The Sliding Window

In the previous two lessons, we learned about the three operations that carry out feature extraction from an image:

filter with a convolution layer.
detect with ReLU activation.
condense with a maximum pooling layer.

The convolution and pooling operations share a common feature: they are both performed over a sliding window. With convolution, this “window” is given by the dimensions of the kernel, the parameter kernel_size. With pooling, it is the pooling window, given by pool_size.

There are two additional parameters affecting both convolution and pooling layers – these are the strides of the window and whether to use padding at the image edges. The strides parameter says how far the window should move at each step, and the padding parameter describes how we handle the pixels at the edges of the input.

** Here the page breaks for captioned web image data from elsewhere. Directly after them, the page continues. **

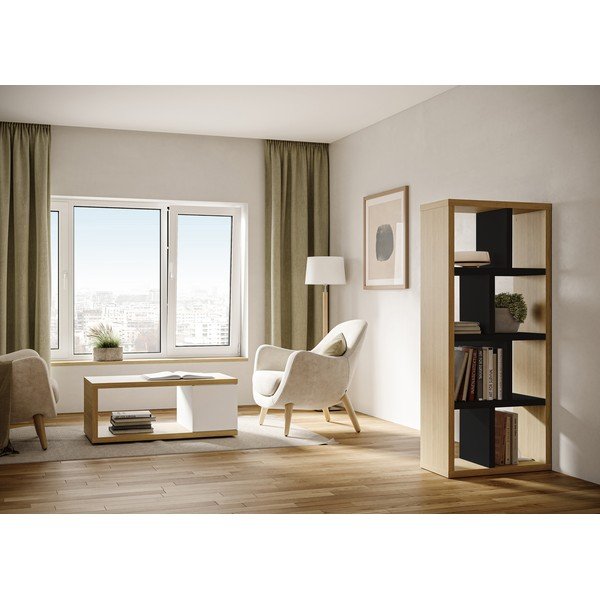 Must-puiduvärvi tammedekooriga raamaturiiul 70x159 cm Berlin - TemaHome-image-1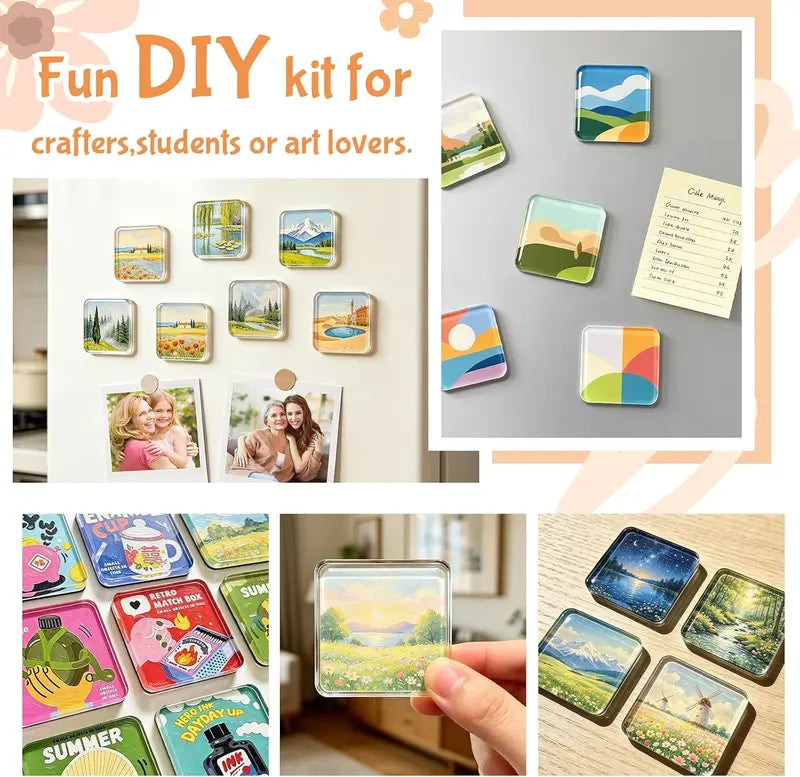 ✨DIY Clear Acrylic Fridge Magnets Set - 2"x2" Photo Frames (10/30 Pack)🎁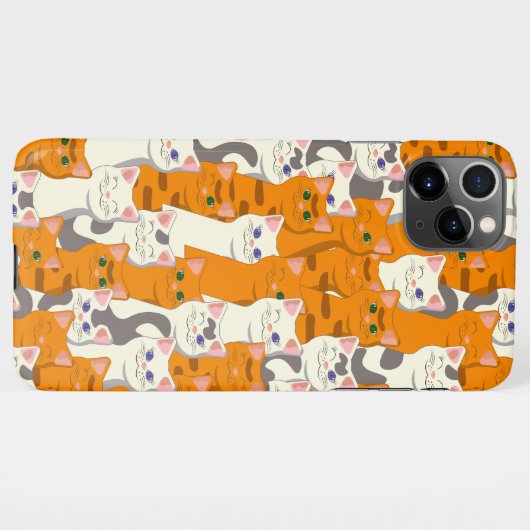 白とオレンジ色の猫が緑の目と青い目をパターン iPhoneケース (裏面横)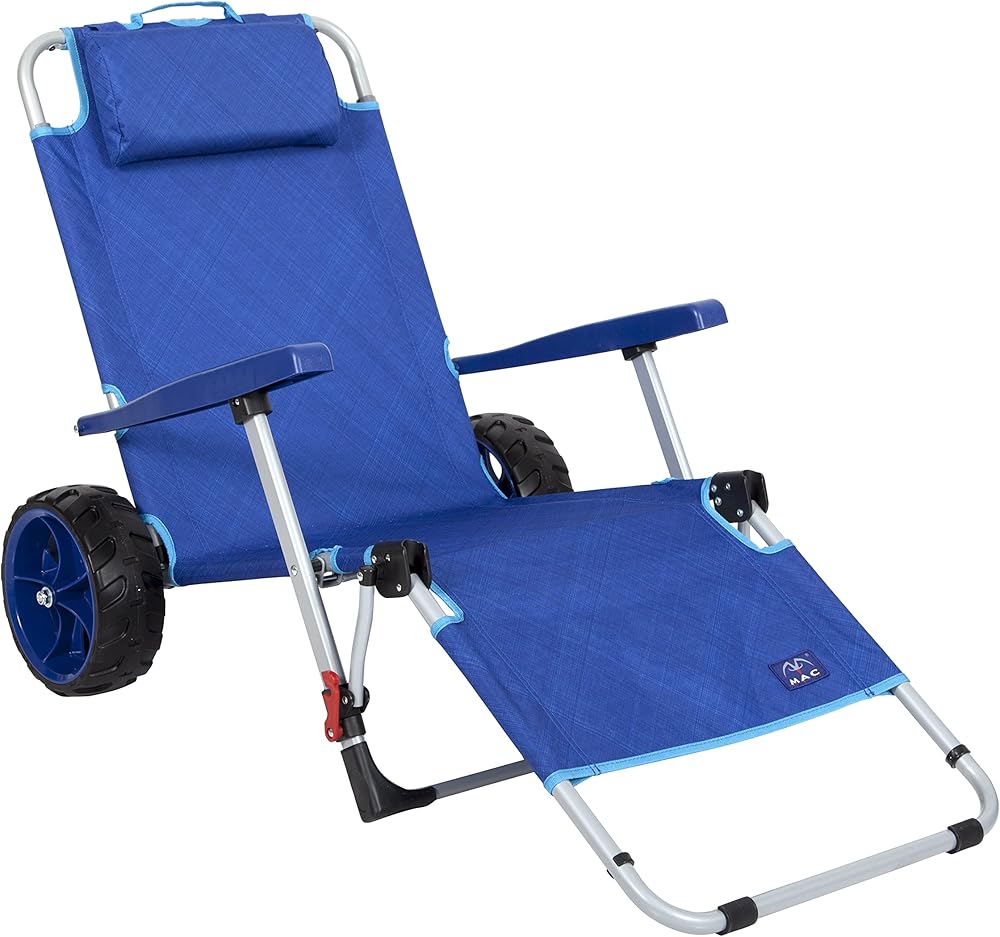 Mac Sports Beach Day Foldable Chaise Lounge Chair with Integrated Wagon Pull Cart Combination and Heavy Wheels - Perfect for Beach, Backyard, Pool or Picnic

With these two parameters, defining the two layers becomes:

from tensorflow import keras
from tensorflow.keras import layers

model = keras.Sequential([
    layers.Conv2D(filters=64,
                  kernel_size=3,
                  strides=1,
                  padding='same',
                  activation='relu'),
    layers.MaxPool2D(pool_size=2,
                     strides=1,
                     padding='same')
    # More layers follow
])

Stride

The distance the window moves at each step is called the stride. We need to specify the stride in both dimensions of the image: one for moving left to right and one for moving top to bottom. This animation shows strides $=(2, 2)$, a movement of 2 pixels each step

What effect does the stride have? Whenever the stride in either direction is greater than 1, the sliding window will skip over some of the pixels in the input at each step.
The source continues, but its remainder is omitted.